Bir Ehlers-Danlos Sendromu Suffererinin Hayat Beklentisi Nedir?

Ehlers Danlos Sendromu (EDS) kalıtsal bir doku hastalığıdır. Vücuttaki kolajeni etkiler, bu da vücuda zararlı bir şekilde zarar verebilir. İnsanlara gevşek ve dengesiz eklemler oluşmasına neden olabilir. Aynı zamanda cildi etkileyebilir ve derinin düzgün şekilde iyileşmesi zorlaşır. EDS'nin sahip olduğu etkiler nedeniyle maalesef yaşam beklentisi üzerinde önemli bir etkiye sahiptir.

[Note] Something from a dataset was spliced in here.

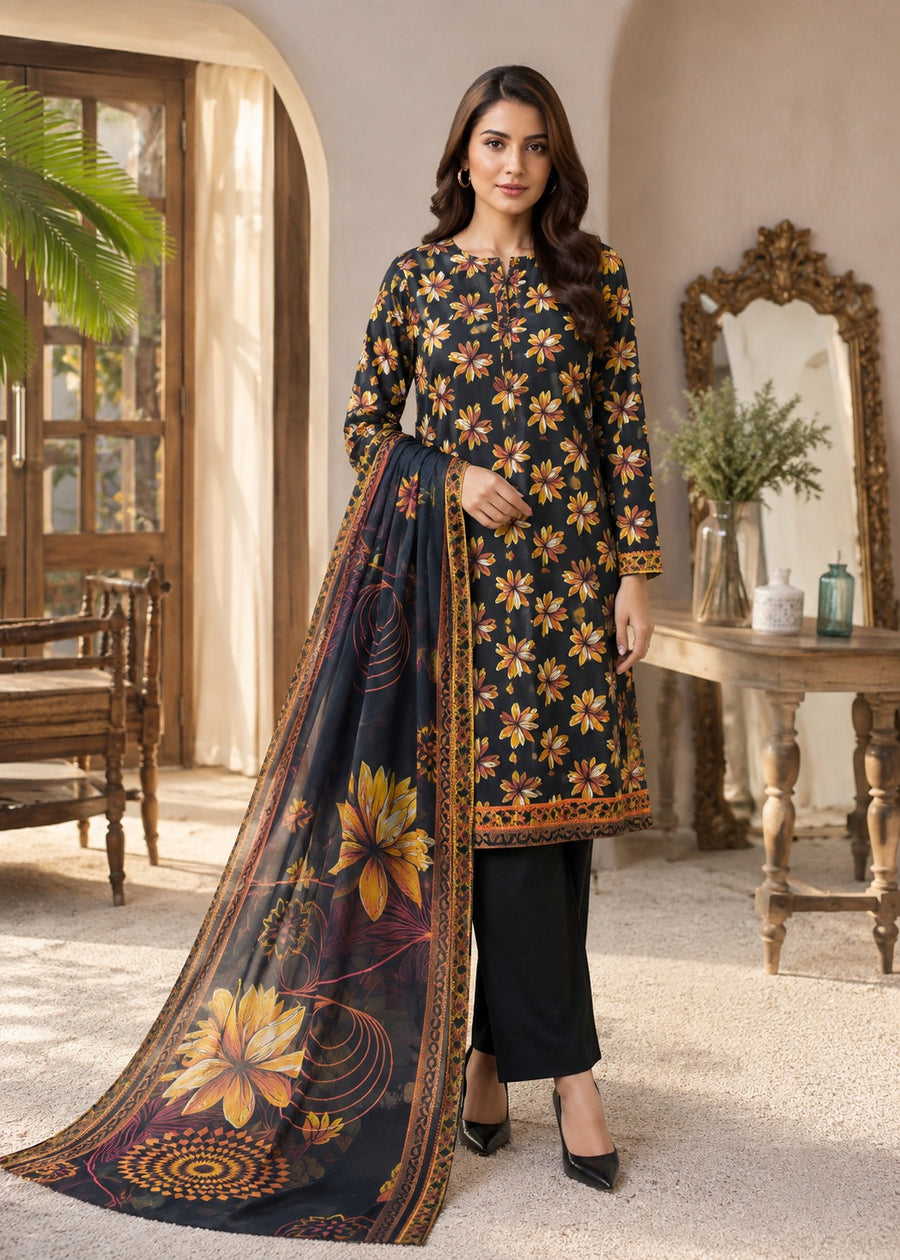 Black Printed Nishat Linen 3 Piece Suit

EDS hastalarının yaşam beklentisi 40 yaş civarında olma eğilimindedir. Ancak, bu taş ayarlanmış değildir. EDS'nin ciddiyetine bağlı olarak, yaşam beklentisi daha uzun olabilir. EDS genetik bir bozukluk olduğundan, egemen genin geçmesi halinde EDS ile acı çekeceği varsayıldı. Ancak EDS'nin tek durumu bu değil. Kabul edilebilir iki farklı tür baskın gen vardır; Polisemik ve Otozomal Genlerinize bağlı olarak EDS biraz daha şiddetli olabilir; Yani bazı insanlar daha uzun yaşayabilir ve diğerleri ne yazık ki olmayabilir.

Bir EDS hastasının ömrünü etkileyebilecek diğer şeyler kendilerine ne kadar gerginlik bindikleridir. EDS'nin doğasından ötürü eklemlerinize zarar vermek çok kolaydır ve normal bir kişiye zararsız görünebilecek bir yaralanma bile EDS hastalarının onarımı zor olabilir. Bu nedenle, az emek gerektiren ve düşük riskli hobilere tutunan etkinliklere bağlı kalmaları gerekir.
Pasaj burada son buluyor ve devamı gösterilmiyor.